Several experiments in authentic course settings were conducted:
a) the course for self-directed learning with social software in TLU,
b) the international course of eLearning with iCamp project partners, and
c) the course Narrative ecology in TLU.
The students’ visually- and verbally-presented self-reflected feedback to the learning environments and activity patterns was collected from the augmented environments.
The following analytical results were achieved:
a) Learners’ perspectives to self-directed learning were identified (Pata & Merisalo, 2009; 2010)
b) Instructional design aspects of self-directed learning were outlined (Fiedler & Pata, 2009; Pata & Merisalo, 2009; 2010, Väljataga, Pata, Tammets, 2010)
c) Learners progress in self-direction using particular indicators was described (Pata & Merisalo, 2009; 2010)
d)The new swarming behaviors of creating personal and collaborative narratives in augmented environment as the self-generative phenomenon, and the changes in the storytelling standards were identified and explained using the ontospace approach (Pata, 2009; 2010;2011).

These empirical results provided an input to determining the characteristics of learning design framework for self-directed learning in augmented learning environments (Fiedler & Pata, 2009; Pata, 2009a,b; Pata, 2010a,b; Pata & Merisalo, 2009; Pata & Merisalo, 2010; Pata, 2011; Normak, Pata, Kaipainen, submitted; Pata & Laanpere, submitted).

The main characteristics of an ecological framework to learning design for self-directed learning in augmented learning environments adopt the ecosystems principles for describing pedagogical processes in learning space.
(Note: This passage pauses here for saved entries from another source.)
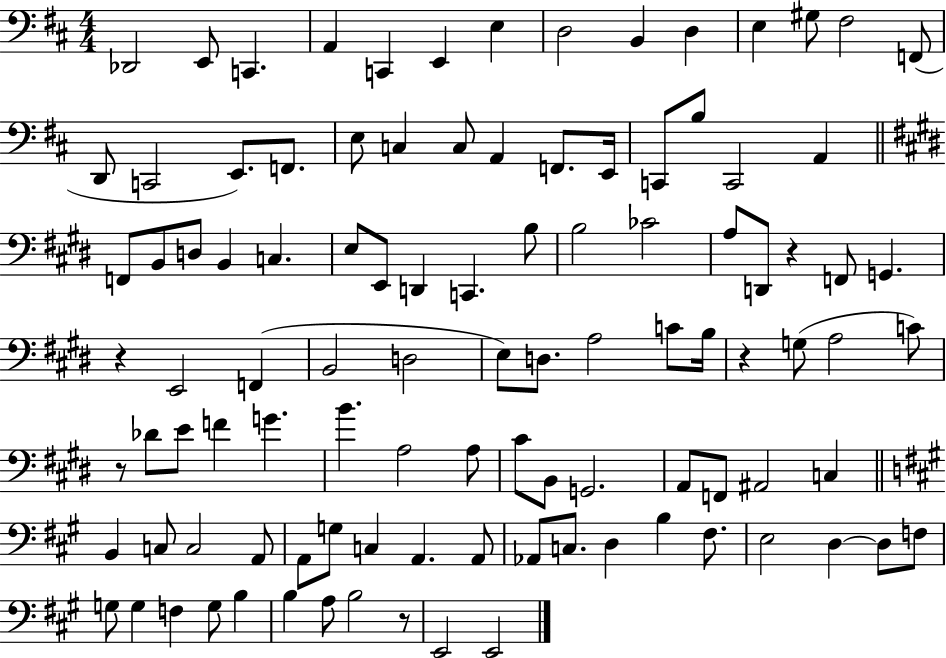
Db2/h E2/e C2/q. A2/q C2/q E2/q E3/q D3/h B2/q D3/q E3/q G#3/e F#3/h F2/e D2/e C2/h E2/e. F2/e. E3/e C3/q C3/e A2/q F2/e. E2/s C2/e B3/e C2/h A2/q F2/e B2/e D3/e B2/q C3/q. E3/e E2/e D2/q C2/q. B3/e B3/h CES4/h A3/e D2/e R/q F2/e G2/q. R/q E2/h F2/q B2/h D3/h E3/e D3/e. A3/h C4/e B3/s R/q G3/e A3/h C4/e R/e Db4/e E4/e F4/q G4/q. B4/q. A3/h A3/e C#4/e B2/e G2/h. A2/e F2/e A#2/h C3/q B2/q C3/e C3/h A2/e A2/e G3/e C3/q A2/q. A2/e Ab2/e C3/e. D3/q B3/q F#3/e. E3/h D3/q D3/e F3/e G3/e G3/q F3/q G3/e B3/q B3/q A3/e B3/h R/e E2/h E2/h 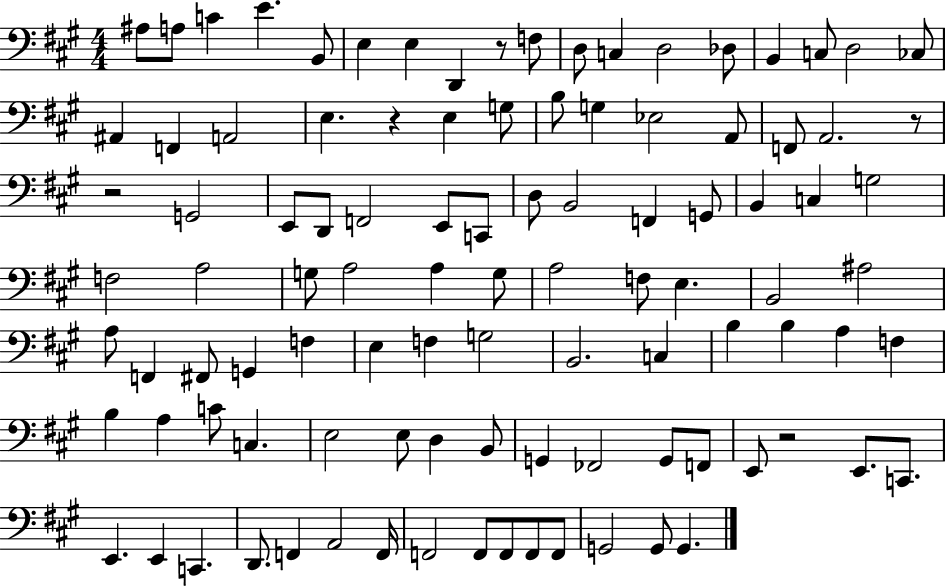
X:1
T:Untitled
M:4/4
L:1/4
K:A
^A,/2 A,/2 C E B,,/2 E, E, D,, z/2 F,/2 D,/2 C, D,2 _D,/2 B,, C,/2 D,2 _C,/2 ^A,, F,, A,,2 E, z E, G,/2 B,/2 G, _E,2 A,,/2 F,,/2 A,,2 z/2 z2 G,,2 E,,/2 D,,/2 F,,2 E,,/2 C,,/2 D,/2 B,,2 F,, G,,/2 B,, C, G,2 F,2 A,2 G,/2 A,2 A, G,/2 A,2 F,/2 E, B,,2 ^A,2 A,/2 F,, ^F,,/2 G,, F, E, F, G,2 B,,2 C, B, B, A, F, B, A, C/2 C, E,2 E,/2 D, B,,/2 G,, _F,,2 G,,/2 F,,/2 E,,/2 z2 E,,/2 C,,/2 E,, E,, C,, D,,/2 F,, A,,2 F,,/4 F,,2 F,,/2 F,,/2 F,,/2 F,,/2 G,,2 G,,/2 G,, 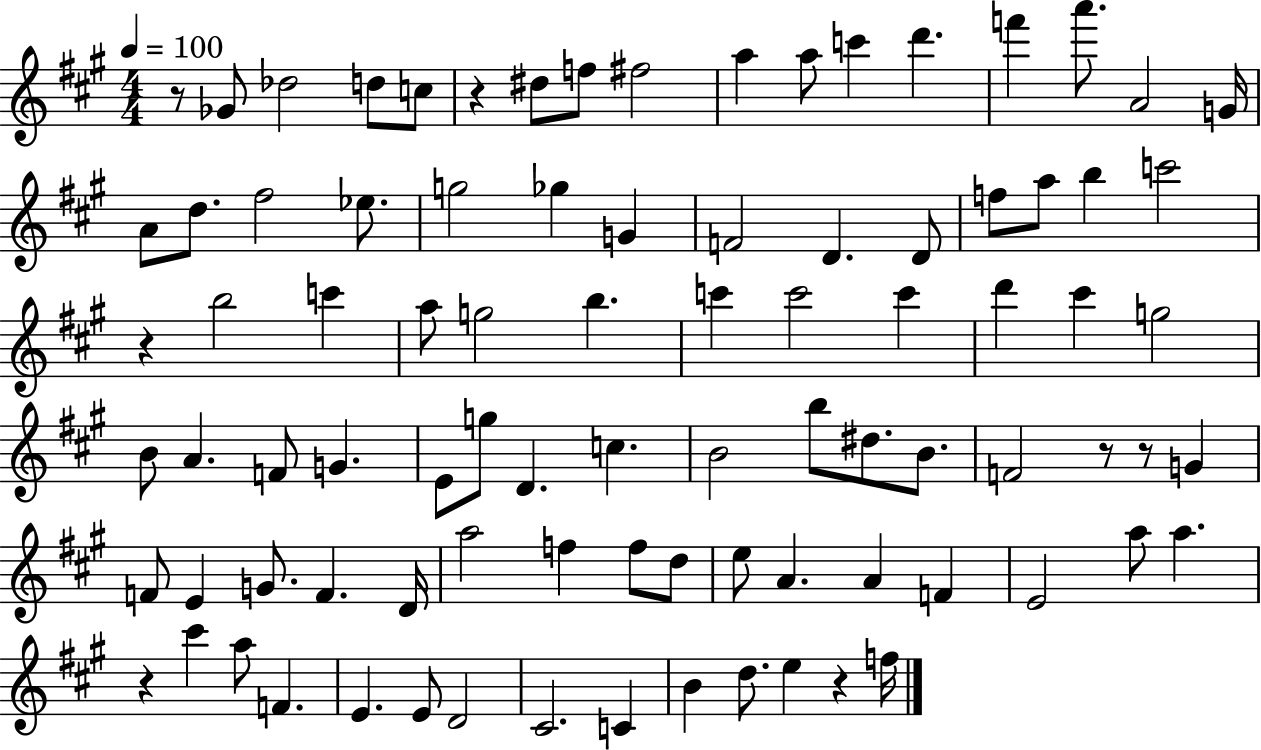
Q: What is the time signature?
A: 4/4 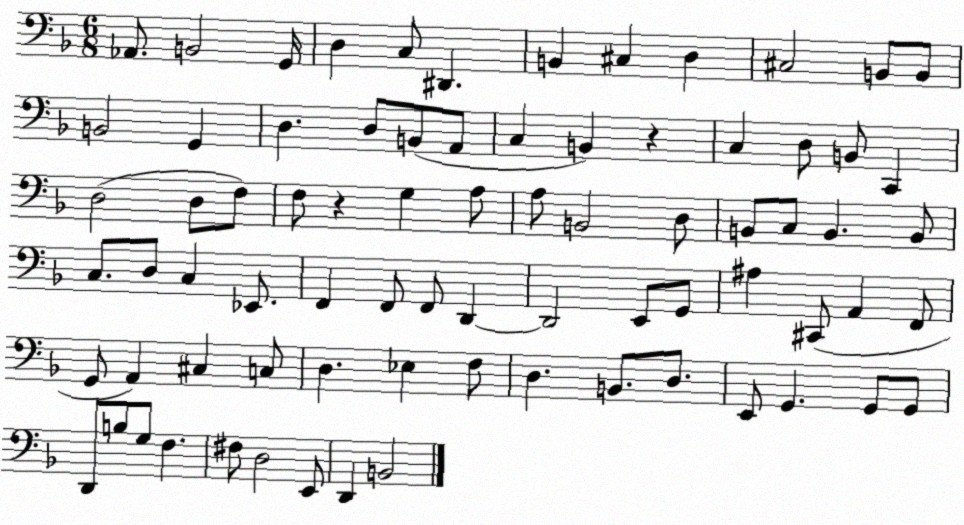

The framework assumes the following: The nature of education is changing and the prioritization of learning experiences from informal and non-formal education, besides formal education, is expanding the range of learning options. Beyond the boundaries of formal higher education individuals have to structure and carry out their activities without a support of educational authorities. Therefore, in parallel to teaching domain related knowledge, formal higher education should create opportunities for students to practice and advance their dispositions for self-directing intentional learning projects. Giving students increased control over crucial instructional functions may be achieved by promoting self-directed individuals, who are capable of updating their knowledge and skills outside of formal educational systems. Therefore, instructional design should rather be seen as an intervention design of challenging situations with placement of constraints. An emerging personal learning environment (PLE) approach to augmenting learning environments emphasizes learner control over an environment and networking. An elaborated understanding of PLE integrates important instructional functions of learner control as an expression of self-direction and gives an opportunity to talk about self-directing intentional projects, in which an individual is provided with much higher control over his project and environment. Setting up one’s PLE in relation to a particular learning project has two sides: it requires a certain degree of learner control and on the other hand it also helps to practice dispositions.
The educational changes towards self-directed learning in augmented spaces have two major implications:
1) The possibility for individually differentiated use of learning tools, methods and freedom in selecting personally relevant learning goals requires more self-direction from the learners in order to satisfy individual learning needs, and
2) For achieving maximal results individually, there is a need to discover how learners with similar goals belonging to the appropriate learning community would conduct their learning, and orientate one’s activities accordingly.
We suggest that learning has certain analogies to how an individual specimen of any species adapts itself to the niches of its species in the natural ecosystems. Inspired by this analogism, we apply the concepts and methods of ecology for studying and designing learning processes. We assume that learning design process forms an iterative continuous cycle:
a) In one phase one learning community defines dynamically their learning niche (or the niche of similar previous community /course/ could be used);
b) In another phase the conditions for the re-appearance of this learning niche will be supported by instructional designers by preserving and making the activity- and meaning traces created during the real activities of initial community available for the next communities. According to this model, learners and facilitators participate ecologically in the niche construction, changing the learning space and causing the evolution of learning. At the same time, they can use social navigation in the community’s learning niche to guide their individual learning actions. The basic steps of an ecological learning design framework for supporting self-directed learning in augmented learning environments are:
1. Define the learning and teaching niches for your students by collecting their affordance perceptions of their learning spaces dynamically in the course of action.
2. To support the conscious self-managed development of learner-determined spaces, provide students with the tools of visualizing and monitoring their activity-patterns and learning landscapes, and enhancing public self-reflection and collaborative grounding of learning affordances.
3. To maintain coherence of the current niche, introduce cycles of re-evaluation of learning affordances of the learning space within your course.
4. Try to influence the niche re-emergence by embedding activity traces and ecological knowledge relevant to evoke affordances for certain niches or select activity systems where these traces are naturally present.
5. Use same social learning environments repeatedly to gain from feedback left as activity traces and embodied knowledge of earlier learners.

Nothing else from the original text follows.